A Klon with a stock jcm800 may get in the ballpark, but wouldn’t have the huge low mids (not sure even if my 2 ch Recto’s do. Will have to AB), but some guys may try to dial that back anyway depending on taste. A stock jcm800 (boosted with a Klon) would also be a lot brighter, more uppermid-y. It’s mainly the big, chewy low mid quality that distinguishes its sound from my other amps. Basically, I think guys who want a fatter, darker Marshall-y sound that still has teeth, aggression would like it
I wonder if all of those mods were the same.
Sounds like you got a good one!
Bet it sounds smooth af. Enjoy!!!
 
After the engineer Ronnie Champagne posted here years ago, and said the Rhythm parts were all done with a modded 65 Bassman with a modded Butler tube driver in front, I felt no need to really search for a Bog Marshall. I had a 64 stock Bassman that got pretty close with a couple boost pedals.....
This was confirmed personally by Jack (New World Man) in a private email to Mr Champagne. Lead parts were all Snorkler, but Rhythm was the goosed Bassman.

And, I should add that if you go to youtube and find the demo version of We Die Young, Jerry uses his RG100 and gets an almost IDENTICAL tone to the album.....telling me that it's the sum of all he used and how he likes his tone.
I go back and read Ronnie's comments like yearly. He has some on Gearslutz too. They're all put together somewhere. Groomed Noodlers? Can't recall
 
I wonder if all of those mods were the same.
Sounds like you got a good one!
Bet it sounds smooth af. Enjoy!!!
My guess would be maybe like Cameron there’s variations but they still all have have the Cameron sound as this has a very clear Bogner flavor. Some might not like this one and if I didn’t dial back the mid knob a lot I wouldn’t like it that much. It seems, like with the early Uberschall’s, it needs a bit of non-conventional settings to get there. It does match what you said in that it needs to be loud and does sound congested with its mid knob higher than 9 o clock or so
 
I go back and read Ronnie's comments like yearly. He has some on Gearslutz too. They're all put together somewhere. Groomed Noodlers? Can't recall
There's a related quote from an Alice in Chains book that I haven't seen posted online. Has some details that his posts exclude, and he certainly makes it sound like the main rhythm tone was Bogner.

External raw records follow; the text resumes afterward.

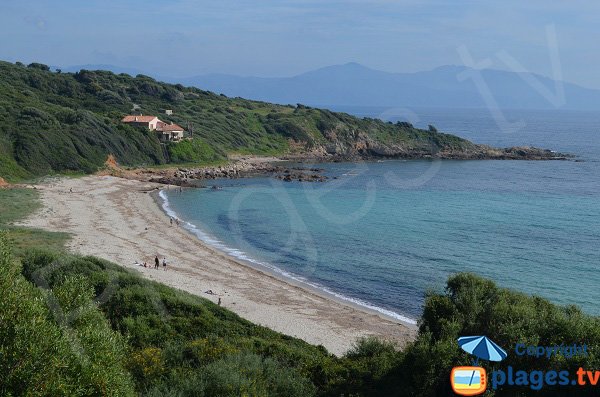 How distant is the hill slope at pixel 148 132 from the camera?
67062 mm

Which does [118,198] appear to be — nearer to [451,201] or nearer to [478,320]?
[451,201]

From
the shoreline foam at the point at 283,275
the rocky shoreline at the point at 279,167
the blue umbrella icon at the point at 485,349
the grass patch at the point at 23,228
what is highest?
the rocky shoreline at the point at 279,167

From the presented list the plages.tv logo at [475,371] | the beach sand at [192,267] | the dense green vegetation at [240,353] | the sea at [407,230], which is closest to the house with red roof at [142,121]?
the sea at [407,230]

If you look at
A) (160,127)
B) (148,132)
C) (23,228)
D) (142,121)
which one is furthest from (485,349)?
(142,121)

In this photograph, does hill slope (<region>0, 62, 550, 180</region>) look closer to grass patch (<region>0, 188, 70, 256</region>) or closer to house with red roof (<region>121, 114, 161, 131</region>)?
house with red roof (<region>121, 114, 161, 131</region>)

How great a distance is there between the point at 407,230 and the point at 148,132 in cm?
4646

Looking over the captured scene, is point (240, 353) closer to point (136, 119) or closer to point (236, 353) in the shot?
point (236, 353)

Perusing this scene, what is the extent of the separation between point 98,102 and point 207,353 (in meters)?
93.5

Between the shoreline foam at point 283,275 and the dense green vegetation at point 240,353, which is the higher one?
the dense green vegetation at point 240,353

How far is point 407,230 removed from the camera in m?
47.1

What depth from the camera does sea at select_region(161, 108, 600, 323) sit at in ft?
108

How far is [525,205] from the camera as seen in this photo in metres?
59.0

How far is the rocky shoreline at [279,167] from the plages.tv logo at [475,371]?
59.5 m

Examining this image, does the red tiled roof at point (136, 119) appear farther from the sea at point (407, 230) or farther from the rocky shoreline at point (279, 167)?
the sea at point (407, 230) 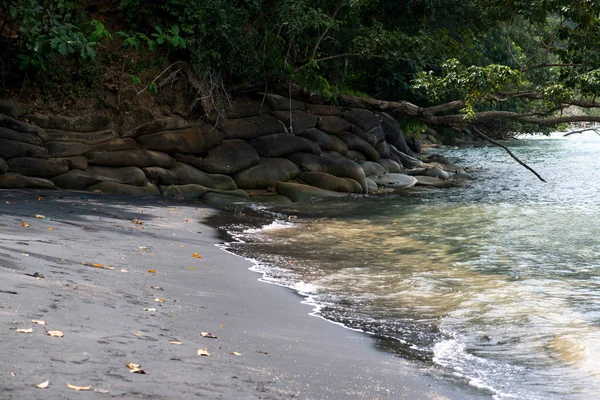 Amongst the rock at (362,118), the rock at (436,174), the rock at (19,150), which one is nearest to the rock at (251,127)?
the rock at (362,118)

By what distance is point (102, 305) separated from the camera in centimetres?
479

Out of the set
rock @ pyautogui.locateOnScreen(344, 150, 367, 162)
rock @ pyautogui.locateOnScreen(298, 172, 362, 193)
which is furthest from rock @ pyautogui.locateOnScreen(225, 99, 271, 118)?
rock @ pyautogui.locateOnScreen(344, 150, 367, 162)

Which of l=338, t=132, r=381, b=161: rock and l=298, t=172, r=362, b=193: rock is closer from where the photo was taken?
l=298, t=172, r=362, b=193: rock

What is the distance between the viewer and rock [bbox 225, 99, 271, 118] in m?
18.3

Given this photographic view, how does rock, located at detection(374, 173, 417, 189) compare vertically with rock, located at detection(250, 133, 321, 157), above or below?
below

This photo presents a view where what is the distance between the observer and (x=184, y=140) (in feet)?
53.9

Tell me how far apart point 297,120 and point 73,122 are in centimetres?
646

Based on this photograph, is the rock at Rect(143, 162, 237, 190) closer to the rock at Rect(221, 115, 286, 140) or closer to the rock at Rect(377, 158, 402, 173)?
the rock at Rect(221, 115, 286, 140)

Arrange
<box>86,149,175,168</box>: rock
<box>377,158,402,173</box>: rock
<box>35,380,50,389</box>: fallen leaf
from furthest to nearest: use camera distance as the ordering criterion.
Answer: <box>377,158,402,173</box>: rock, <box>86,149,175,168</box>: rock, <box>35,380,50,389</box>: fallen leaf

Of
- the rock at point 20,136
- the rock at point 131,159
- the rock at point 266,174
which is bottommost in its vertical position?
the rock at point 266,174

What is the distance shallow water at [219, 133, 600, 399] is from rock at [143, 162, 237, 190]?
2.06 m

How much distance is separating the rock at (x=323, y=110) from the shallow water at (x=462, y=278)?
4263mm

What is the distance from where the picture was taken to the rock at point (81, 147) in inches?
Answer: 565

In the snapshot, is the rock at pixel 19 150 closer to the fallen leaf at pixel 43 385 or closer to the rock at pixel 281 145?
the rock at pixel 281 145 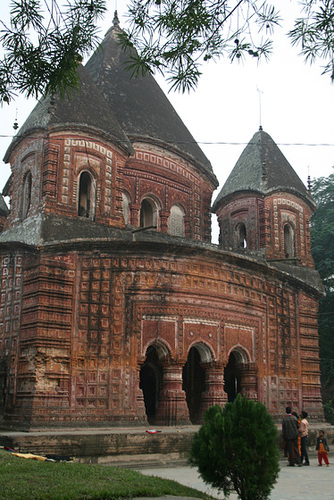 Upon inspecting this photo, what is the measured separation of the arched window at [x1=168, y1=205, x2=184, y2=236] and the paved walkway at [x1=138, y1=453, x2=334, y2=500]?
23.9 feet

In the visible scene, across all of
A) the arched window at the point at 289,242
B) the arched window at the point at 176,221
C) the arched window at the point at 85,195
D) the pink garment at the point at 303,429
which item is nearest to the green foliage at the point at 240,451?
the pink garment at the point at 303,429

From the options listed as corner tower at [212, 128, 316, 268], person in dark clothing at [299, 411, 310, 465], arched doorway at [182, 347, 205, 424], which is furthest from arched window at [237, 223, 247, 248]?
person in dark clothing at [299, 411, 310, 465]

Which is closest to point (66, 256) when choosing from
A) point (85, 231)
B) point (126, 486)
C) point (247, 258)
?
point (85, 231)

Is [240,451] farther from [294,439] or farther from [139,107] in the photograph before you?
[139,107]

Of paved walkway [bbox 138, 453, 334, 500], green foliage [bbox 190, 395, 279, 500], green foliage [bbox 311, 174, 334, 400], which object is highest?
green foliage [bbox 311, 174, 334, 400]

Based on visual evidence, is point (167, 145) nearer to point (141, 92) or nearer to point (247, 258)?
point (141, 92)

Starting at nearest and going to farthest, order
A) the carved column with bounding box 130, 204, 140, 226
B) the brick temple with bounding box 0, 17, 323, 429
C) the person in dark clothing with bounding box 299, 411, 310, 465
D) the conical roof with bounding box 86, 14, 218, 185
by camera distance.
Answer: the person in dark clothing with bounding box 299, 411, 310, 465 → the brick temple with bounding box 0, 17, 323, 429 → the carved column with bounding box 130, 204, 140, 226 → the conical roof with bounding box 86, 14, 218, 185

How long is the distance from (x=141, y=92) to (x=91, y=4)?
490 inches

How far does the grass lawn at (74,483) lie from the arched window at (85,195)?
23.4 feet

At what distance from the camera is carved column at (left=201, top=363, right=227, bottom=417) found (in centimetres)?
A: 1348

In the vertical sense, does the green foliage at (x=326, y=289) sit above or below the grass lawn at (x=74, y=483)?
above

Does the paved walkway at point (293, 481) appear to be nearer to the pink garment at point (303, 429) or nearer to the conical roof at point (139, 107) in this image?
the pink garment at point (303, 429)

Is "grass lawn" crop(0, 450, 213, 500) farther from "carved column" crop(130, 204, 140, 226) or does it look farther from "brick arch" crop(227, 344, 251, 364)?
"carved column" crop(130, 204, 140, 226)

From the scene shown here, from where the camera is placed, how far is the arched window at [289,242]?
17281 millimetres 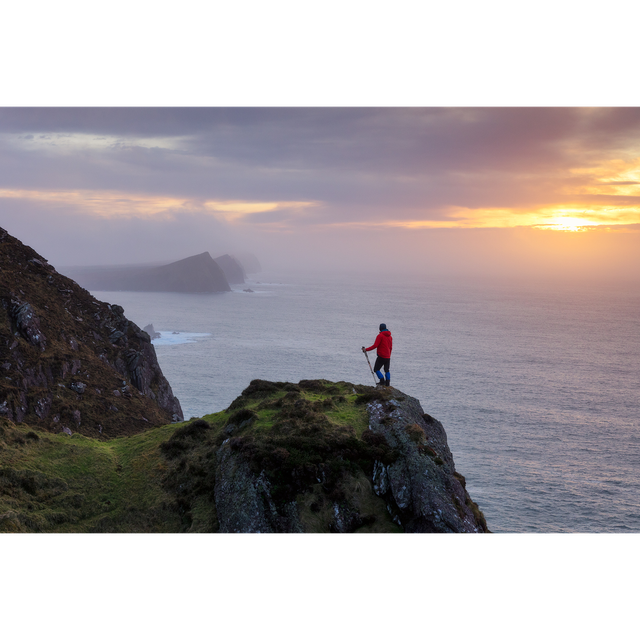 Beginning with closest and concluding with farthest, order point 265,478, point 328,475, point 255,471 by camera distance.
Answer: point 265,478 < point 328,475 < point 255,471

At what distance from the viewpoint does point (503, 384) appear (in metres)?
110

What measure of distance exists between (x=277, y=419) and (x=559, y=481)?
61.8 meters

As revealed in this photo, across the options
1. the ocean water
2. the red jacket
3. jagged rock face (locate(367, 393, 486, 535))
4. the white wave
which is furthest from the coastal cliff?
the white wave

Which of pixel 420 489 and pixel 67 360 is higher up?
pixel 67 360

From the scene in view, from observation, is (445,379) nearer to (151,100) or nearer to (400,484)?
(400,484)

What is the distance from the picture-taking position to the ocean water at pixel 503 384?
6069 cm

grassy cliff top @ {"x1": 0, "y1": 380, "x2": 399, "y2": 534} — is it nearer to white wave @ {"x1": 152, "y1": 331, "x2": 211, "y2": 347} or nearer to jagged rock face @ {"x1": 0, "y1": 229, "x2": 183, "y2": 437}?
jagged rock face @ {"x1": 0, "y1": 229, "x2": 183, "y2": 437}

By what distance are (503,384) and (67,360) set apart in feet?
333

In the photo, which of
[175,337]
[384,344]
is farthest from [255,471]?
[175,337]

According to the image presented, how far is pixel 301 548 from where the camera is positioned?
348 inches

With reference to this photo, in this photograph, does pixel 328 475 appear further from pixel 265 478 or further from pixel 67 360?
pixel 67 360

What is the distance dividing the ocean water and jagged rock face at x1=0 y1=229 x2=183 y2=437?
3827 centimetres

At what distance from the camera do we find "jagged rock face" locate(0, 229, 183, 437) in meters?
31.0

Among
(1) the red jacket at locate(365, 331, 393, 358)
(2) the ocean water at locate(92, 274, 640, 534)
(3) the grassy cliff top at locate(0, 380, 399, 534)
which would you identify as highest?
(1) the red jacket at locate(365, 331, 393, 358) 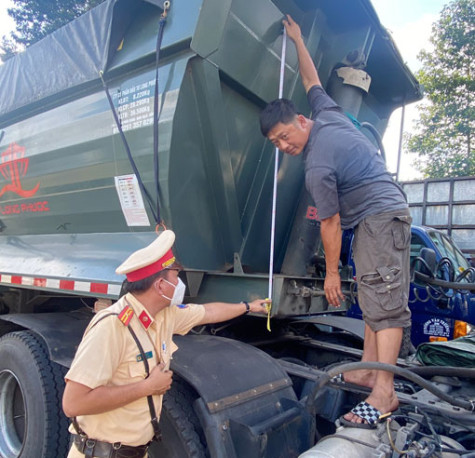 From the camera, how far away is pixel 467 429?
180 cm

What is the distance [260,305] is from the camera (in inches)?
90.5

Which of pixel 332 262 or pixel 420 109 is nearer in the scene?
pixel 332 262

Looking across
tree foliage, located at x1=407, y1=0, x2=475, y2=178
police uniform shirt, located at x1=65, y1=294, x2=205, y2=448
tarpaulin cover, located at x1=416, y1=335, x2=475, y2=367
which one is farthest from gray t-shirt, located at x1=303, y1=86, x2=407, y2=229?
tree foliage, located at x1=407, y1=0, x2=475, y2=178

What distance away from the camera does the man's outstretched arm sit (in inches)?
100.0

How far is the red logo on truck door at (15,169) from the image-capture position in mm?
3549

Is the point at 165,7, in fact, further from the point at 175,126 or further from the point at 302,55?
the point at 302,55

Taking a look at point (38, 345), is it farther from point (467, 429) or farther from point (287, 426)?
point (467, 429)

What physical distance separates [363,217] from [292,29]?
4.09 feet

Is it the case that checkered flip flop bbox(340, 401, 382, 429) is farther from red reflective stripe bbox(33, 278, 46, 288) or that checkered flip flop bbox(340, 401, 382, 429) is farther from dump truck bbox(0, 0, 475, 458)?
red reflective stripe bbox(33, 278, 46, 288)

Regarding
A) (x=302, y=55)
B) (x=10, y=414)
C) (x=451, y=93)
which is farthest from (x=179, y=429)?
(x=451, y=93)

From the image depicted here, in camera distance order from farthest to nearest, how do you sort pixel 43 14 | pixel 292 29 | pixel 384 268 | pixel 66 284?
pixel 43 14 < pixel 66 284 < pixel 292 29 < pixel 384 268

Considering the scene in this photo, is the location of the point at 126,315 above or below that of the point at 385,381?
above

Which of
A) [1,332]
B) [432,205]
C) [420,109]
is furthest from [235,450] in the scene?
[420,109]

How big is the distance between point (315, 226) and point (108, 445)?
A: 1.81 meters
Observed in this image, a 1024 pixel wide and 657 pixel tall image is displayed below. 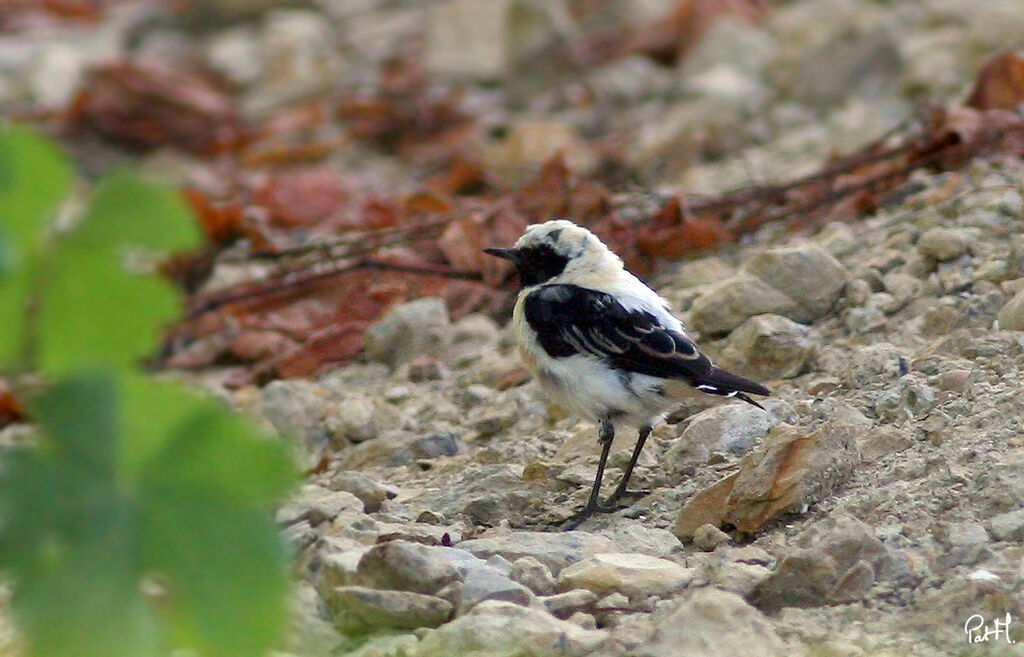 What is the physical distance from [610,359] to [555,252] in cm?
61

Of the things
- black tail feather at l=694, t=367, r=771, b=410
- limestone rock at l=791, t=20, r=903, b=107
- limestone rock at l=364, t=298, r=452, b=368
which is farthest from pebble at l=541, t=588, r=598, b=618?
limestone rock at l=791, t=20, r=903, b=107

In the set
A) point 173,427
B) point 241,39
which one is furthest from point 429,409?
point 241,39

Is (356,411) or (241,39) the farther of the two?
(241,39)

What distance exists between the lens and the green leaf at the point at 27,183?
1.18m

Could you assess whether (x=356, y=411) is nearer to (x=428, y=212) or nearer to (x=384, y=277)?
(x=384, y=277)

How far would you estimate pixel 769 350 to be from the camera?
471 centimetres

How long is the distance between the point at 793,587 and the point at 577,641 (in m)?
0.58

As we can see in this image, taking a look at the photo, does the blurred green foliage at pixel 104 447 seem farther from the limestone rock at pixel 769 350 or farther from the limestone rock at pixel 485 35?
the limestone rock at pixel 485 35

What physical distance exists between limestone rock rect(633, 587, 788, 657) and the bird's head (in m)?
2.02

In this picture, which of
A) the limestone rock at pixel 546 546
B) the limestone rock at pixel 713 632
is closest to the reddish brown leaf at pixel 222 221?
the limestone rock at pixel 546 546

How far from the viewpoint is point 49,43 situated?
1287 centimetres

Continuing, Champagne recalled that “when he first came in to do his rhythm parts, I remember he had these Randall Amplifiers, stacks and stacks of them, and the first thing I said to him was ‘Get rid of those pieces of shit, I don’t want them in my studio,’ because they’re really really awful amps. So initially there was a really big to-do about that, before I presented him with a new amp I had just had modified by Bogner before he started his business. This particular amp was a modified Marshall 50, and its funny because originally I’d taken that amp over to him, and said ‘Reinhold, will you modify this amp EXACTLY like you did your prototype model?’ And he initially said ‘No,’ and I replied ‘I’ll give you as much money as you want because this is a Warner Bros. project, so money is no object.’ So he agreed on the condition that I keep it under wraps because he was at that time leaving to start his own company, which of course went on to become wildly successful. So we had one of the first Bogner-modified Marshall amps on the Facelift album, and he’d only done a handful of these for Steve Vai, Eddie Van Halen, etc. So Jerry was sold on it immediately, to the point that he wouldn’t stop playing. On the rhythm tracks, we miced that amp with 57s, and the funny thing is I had that Bogner running from the control room out into the main live room through these stacked Randall Speaker Cabinets. So when I lined up one full-stack with the 50-Watt Bogner, the first time Jerry heard it, he flipped, and said ‘That is exactly the sound!’ And that became the sound on Facelift. Usually we would do two rhythm tracks like that on average for each song, then do the same thing as we did with the doubling on the bass, where we’d double certain rhythm guitar parts with the Telecaster, and maybe add another track just under the guitar solo, just to fill it up a little bit. Or maybe we would take parts away, depending on what it was. For any of Jerry’s acoustic rhythm parts on the album, Nancy Wilson had brought down her 12-string guitar from the ‘Dog and Butterfly’ LP, and I miced it up with a U-87, and on any of his other acoustic parts, I would have used a combo of a U-87 and a 451, pointed at where the neck joined the body, so we could get the warmth of where all the sustain was happening on the acoustic. Then the sound that’s coming off it is being picked up by an 87 a couple of feet away.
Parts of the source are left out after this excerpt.